この後、スタジオジブリはどのような道を歩むのでしょうか。これまでの作品の版権を管理する会社になるのか、これからも才能ある監督の指揮下で優れた作品を作り続けるのか、それともなくなってしまうのか。もう二度とあの輝かしい日々、数年に一度の新作をワクワクしながら待つことも、もう無くなるのでしょうか。

ジブリは新たな道を模索するため、ポスト宮崎駿・高畑勲を探したり、セカンドレーベルを作って実験作を出したり、他社の映画やコマーシャルの制作をしたり、ドワンゴと接近してみたり、色々な試みは試した形跡が見て取れます。それも宮崎さんや高畑さんの理想や志が高すぎて、どれもついてこれなかったように思います。孤高なんです。新たなものを試そうとしても、結局は自らが定めたクオリティや作品のあり方、「ジブリ・クオリティ」のようなもの、その前に萎えてしまうのです。偉大すぎるが故に超えられない壁、巨大化しすぎ重力が大きくなりすぎた末に光さえ飲み込んでしまうブラックホール化してしまう巨大な星の後先を思い出します。自らがあまりにも孤高になりすぎてしまったのではないでしょうか。

老舗が暖簾を守ると言うことは、伝統を守ることと新たなものを取り入れること、このバランス感覚にあるように思います。それを巧みに行なっている好例が、500年の長きにわたって存続する和菓子の「虎屋」でしょう。昔のものを頑なに守るだけでなく、時代時代で変革をしたり絶えず新たな試みを取り入れ、決してあぐらをかかず時代に寄り添っていこうとする姿勢が力になっているように思います。当代当主の黒川光博さんのインタビュー(こちらこちら)は、様々な示唆に富んでいます。

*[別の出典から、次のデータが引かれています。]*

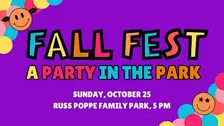Mosaic Fall Fest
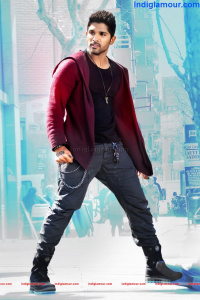 Iddarammayilatho photos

ジブリを離れてもう20年以上も経つ私が、ジブリの行く末について多くを語ることはありません。

ただ、私自身が10代後半から20代前半の多感な時期に、ひたすらに走り続けた世界が終焉を迎えようとしているのはとても残念でなりません。優れた作品を、それも子供のための作品を、作ろうという思いや、それを高いレベルで実現する技術力・精神力が、ジブリとして継承されるのが一番の理想ですが、そうでなかったとしても、あまねく理念や意思が人々の間に広まり、なんらかの形で残ってくれればいいなと思う次第です。

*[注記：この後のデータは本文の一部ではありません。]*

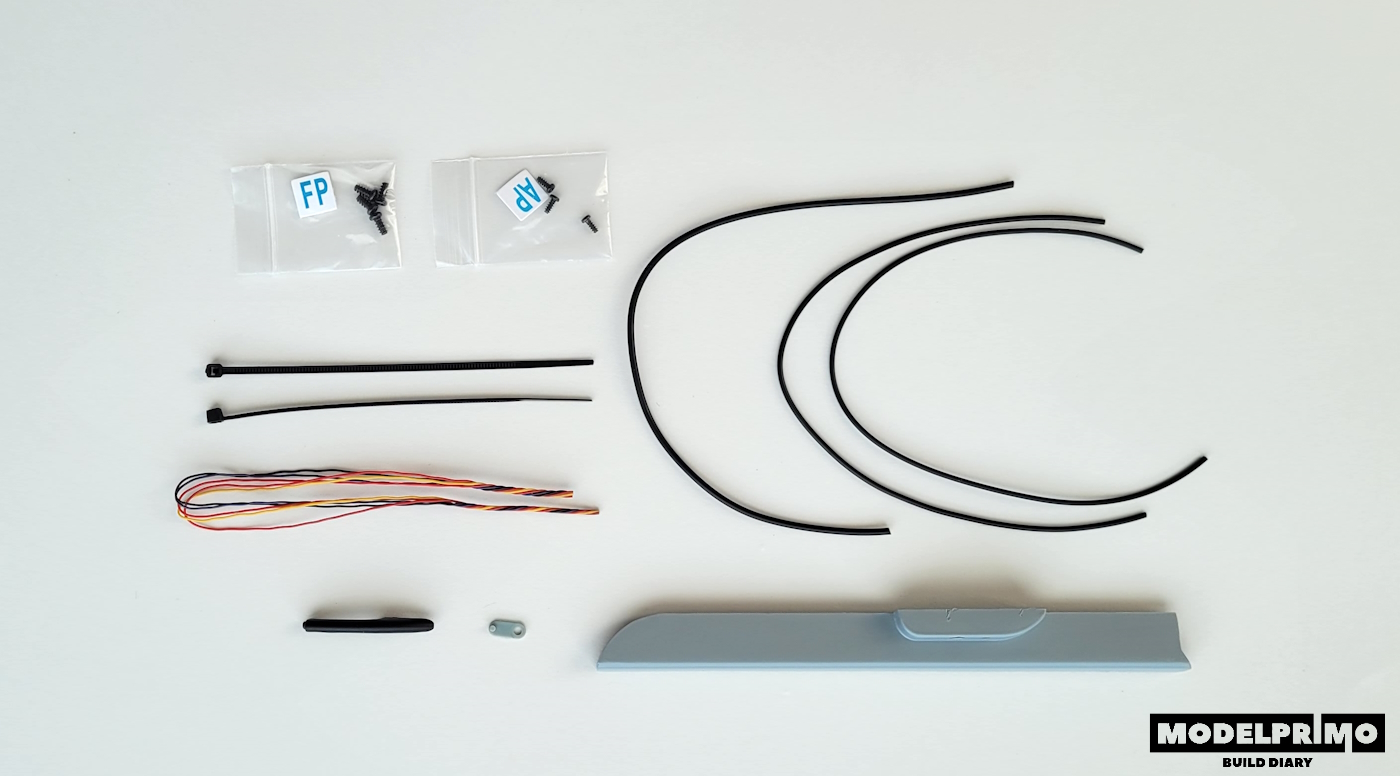 delorean-relacja-52 delorean DeAgostini - modelprimo.com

私自身は、今の仕事に就くときに映画の道を諦めようと決心しました。ただでさえ能力が高い上に誰よりも努力している宮崎さん、高畑さんの姿を見て、これはかなわないと痛感したがその理由です。自分がなし得ることができることはなんだろうと思うと、二人を超えられる気が全くしなかったのです。それ以降、つまり、『もののけ姫』以降のジブリ作品は、一作も観ていません。ついでに言うとどんな映画であれ映画館で映画を観ることもやめています。今はもう映画館に行っても大丈夫だと思いますが、映画の魔力に再び魅せられてしまいたくはなかったのです。私にとって映画の道を諦めると言うのはそれだけ大きなことでした。

今ふりかえると、あのとき私がジブリにいて、巨匠たちに学び、色々もがいたことが、今になって私の土台になっているのを感じます。あの時期に真剣に取り組み、多くのことを学び、思索した日々は決して無駄ではなかったと信じています。アニメーション業界からは離れてしまいましたし、期待に応えられなかったものの、今はただ感謝の気持ちで一杯です。

 

まだジブリは存続してますし、宮崎駿監督の長編も控えてます。そこでジブリは刹那的に息を吹き返すことでしょう。

とはいえ、その後のジブリや日本のアニメのあり方を決める大事な時期にさしかかっているのは避けられない事実でしょう。しばらくは動向を、愛と尊敬の眼差しで、見守っていこうと思います。